The S3 repository plugin adds support for using AWS S3 as a repository for {ref}/modules-snapshots.html[Snapshot/Restore].

If you are looking for a hosted solution of Elasticsearch on AWS, please visit http://www.elastic.co/cloud.

Installation

This plugin can be installed using the plugin manager:

sudo bin/elasticsearch-plugin install repository-s3

The plugin must be installed on every node in the cluster, and each node must be restarted after installation.

This plugin can be downloaded for offline install from {plugin_url}/repository-s3/repository-s3-{version}.zip.

Removal

The plugin can be removed with the following command:

sudo bin/elasticsearch-plugin remove repository-s3

The node must be stopped before removing the plugin.

Getting Started

The plugin provides a repository type named s3 which may be used when creating a repository. The repository defaults to using ECS IAM Role or EC2 IAM Role credentials for authentication. The only mandatory setting is the bucket name:

PUT _snapshot/my_s3_repository
{
  "type": "s3",
  "settings": {
    "bucket": "my_bucket"
  }
}

Client Settings

The client that you use to connect to S3 has a number of settings available. The settings have the form s3.client.CLIENT_NAME.SETTING_NAME. By default, s3 repositories use a client named default, but this can be modified using the repository setting client. For example:

PUT _snapshot/my_s3_repository
{
  "type": "s3",
  "settings": {
    "bucket": "my_bucket",
    "client": "my_alternate_client"
  }
}

Most client settings can be added to the elasticsearch.yml configuration file with the exception of the secure settings, which you add to the {es} keystore. For more information about creating and updating the {es} keystore, see {ref}/secure-settings.html[Secure settings].

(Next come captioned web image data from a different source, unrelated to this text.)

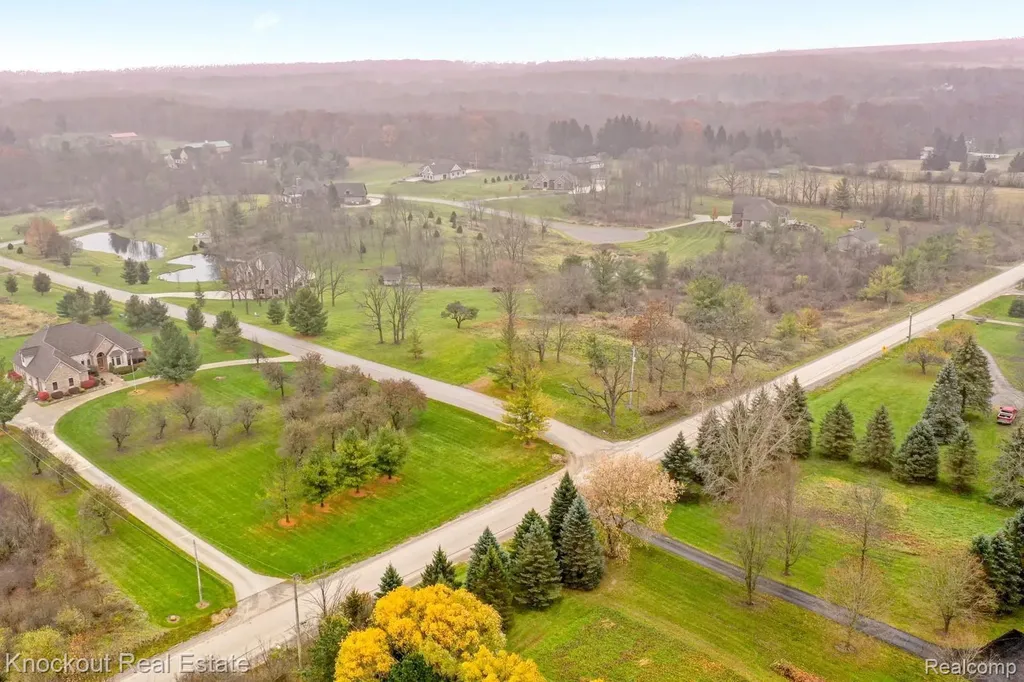 9338 Orchard Valley Lane Davison Township MI 48423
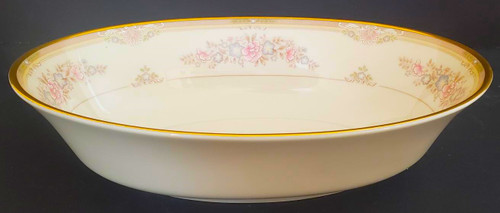 Lenox - Castle Garden - Oval Bowl 9 - N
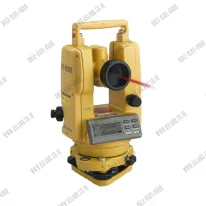 topcon dt 205l laser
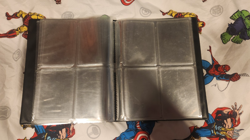 Pokemon Trading Card Blue 1999 WOTC Vintage Binder Nintendo Ultra Pro WOCO8320 - Image 4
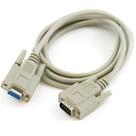 Cabo Extensor Serial DB9 Macho para DB9 Fêmea 1,5m - MD9 - 3492 Cabo Extensor Serial DB9 Macho para DB9 Fêmea 1,5m - MD9 - 3492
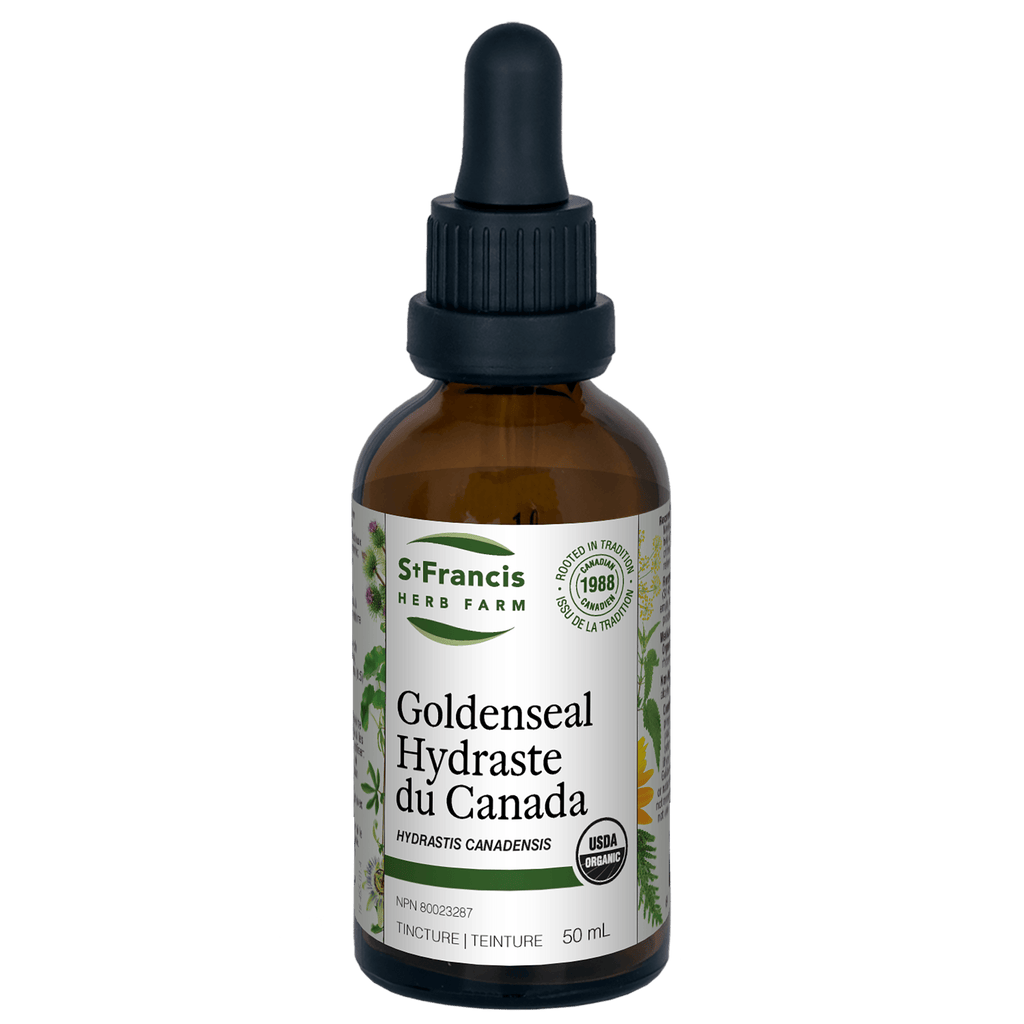 StFrancis GoldenSeal 50ml Liquid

For example, before you start the node, run these commands to add AWS access key settings to the keystore:

bin/elasticsearch-keystore add s3.client.default.access_key
bin/elasticsearch-keystore add s3.client.default.secret_key

All client secure settings of this plugin are {ref}/secure-settings.html#reloadable-secure-settings[reloadable]. After you reload the settings, the internal s3 clients, used to transfer the snapshot contents, will utilize the latest settings from the keystore. Any existing s3 repositories, as well as any newly created ones, will pick up the new values stored in the keystore.

Note
In-progress snapshot/restore tasks will not be preempted by a reload of the client’s secure settings. The task will complete using the client as it was built when the operation started.

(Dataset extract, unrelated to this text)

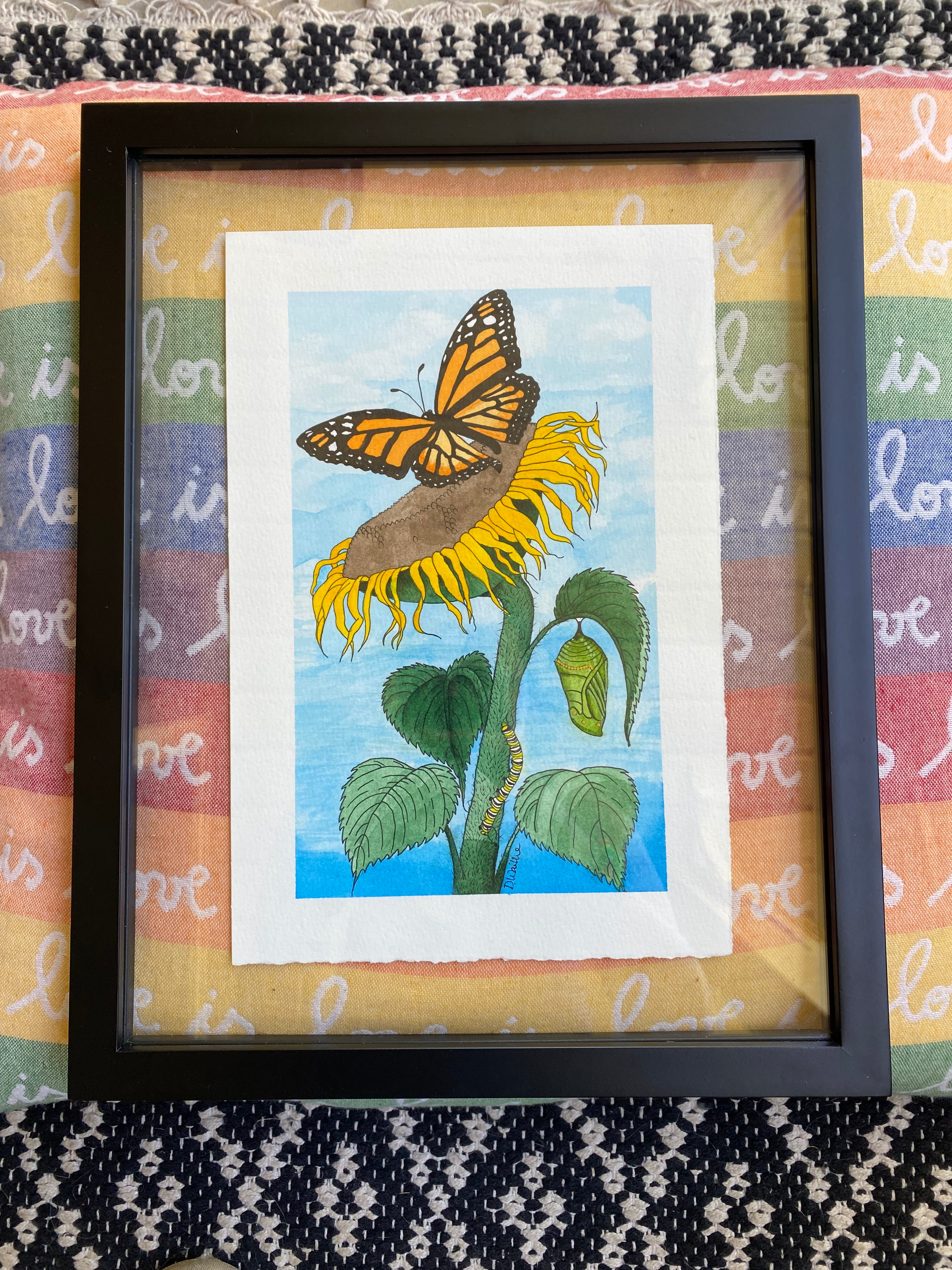Healing Sunflower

The following list contains the available client settings. Those that must be stored in the keystore are marked as "secure" and are reloadable; the other settings belong in the elasticsearch.yml file.

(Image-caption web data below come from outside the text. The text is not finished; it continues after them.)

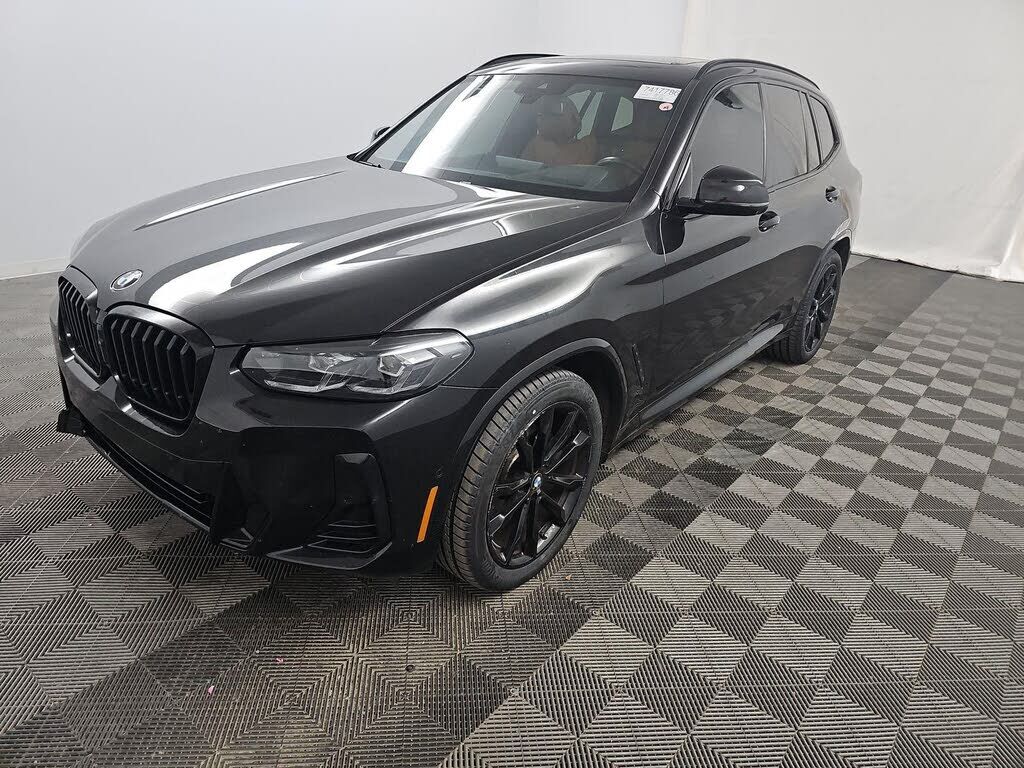 2023 BMW X3
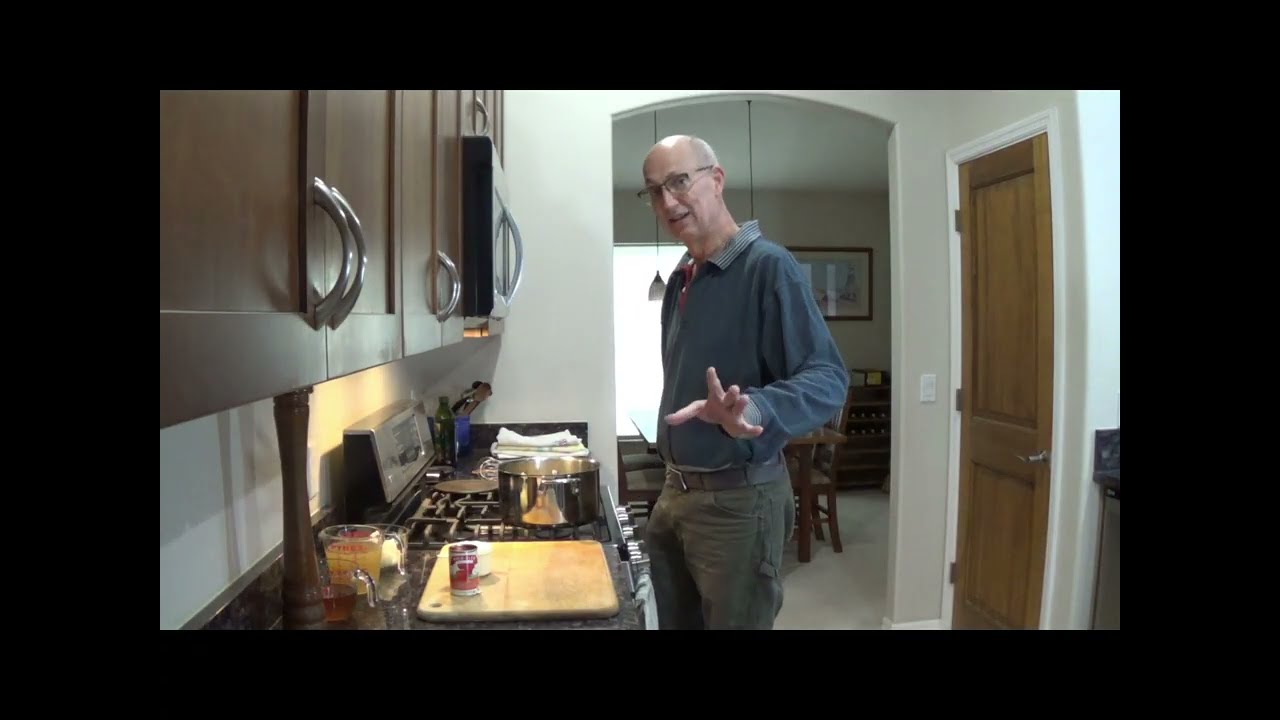 Bill's Lobster Bisque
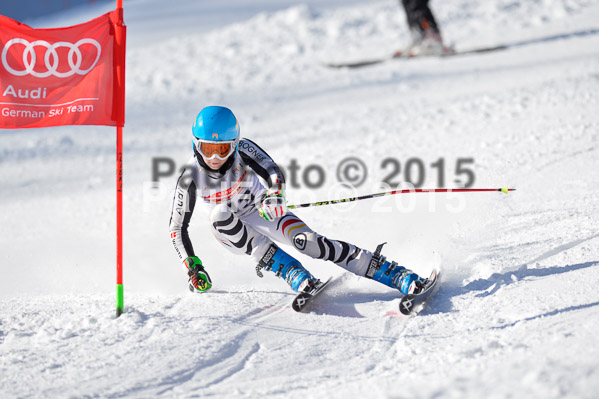 3.. DSV Schülercup U14 2015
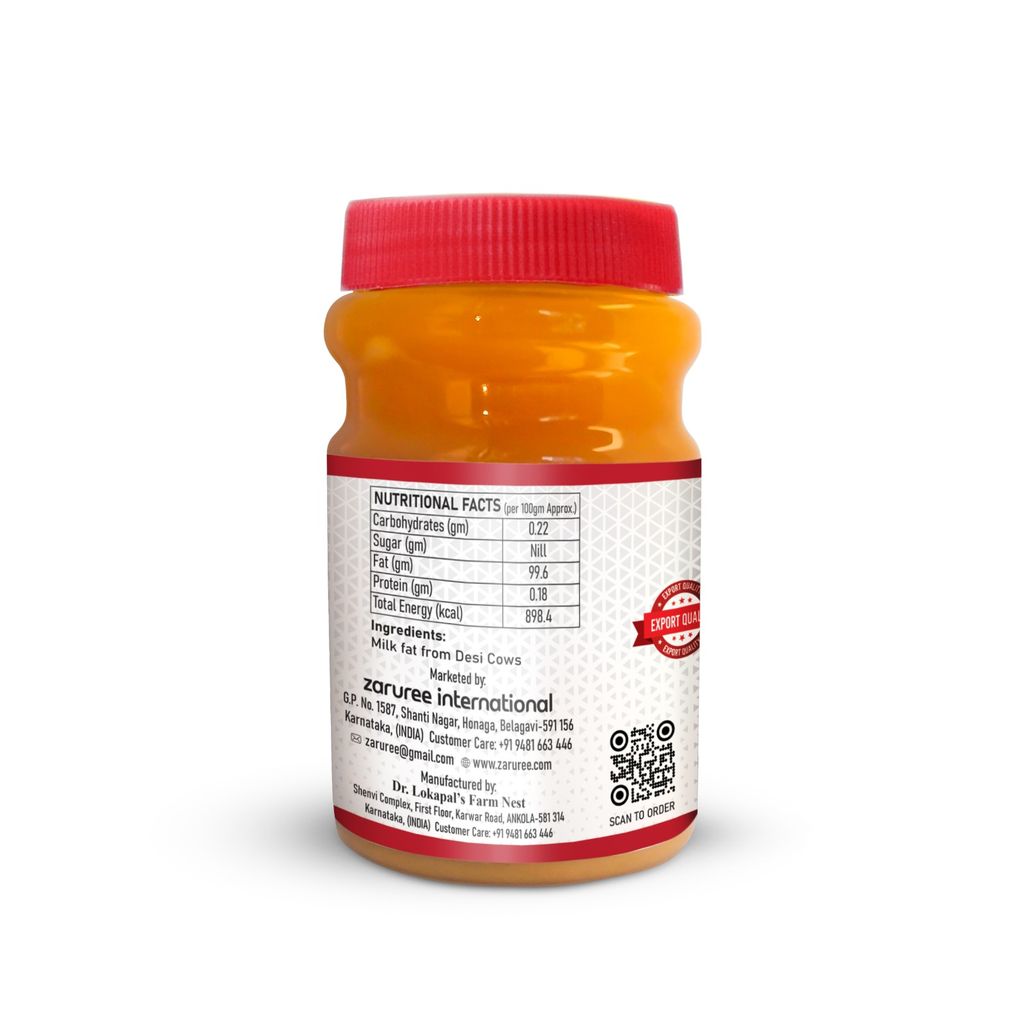 Desi Cow A2 Ghee 500ml view 2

access_key ({ref}/secure-settings.html[Secure])

An S3 access key. The secret_key setting must also be specified.

secret_key ({ref}/secure-settings.html[Secure])

An S3 secret key. The access_key setting must also be specified.

session_token

An S3 session token. The access_key and secret_key settings must also be specified. (Secure)

endpoint

The S3 service endpoint to connect to. This defaults to s3.amazonaws.com but the AWS documentation lists alternative S3 endpoints. If you are using an S3-compatible service then you should set this to the service’s endpoint.

protocol

The protocol to use to connect to S3. Valid values are either http or https. Defaults to https.

proxy.host

The host name of a proxy to connect to S3 through.

proxy.port

The port of a proxy to connect to S3 through.

proxy.username ({ref}/secure-settings.html[Secure])

The username to connect to the proxy.host with.

proxy.password ({ref}/secure-settings.html[Secure])

The password to connect to the proxy.host with.

read_timeout

The socket timeout for connecting to S3. The value should specify the unit. For example, a value of 5s specifies a 5 second timeout. The default value is 50 seconds.

max_retries

The number of retries to use when an S3 request fails. The default value is 3.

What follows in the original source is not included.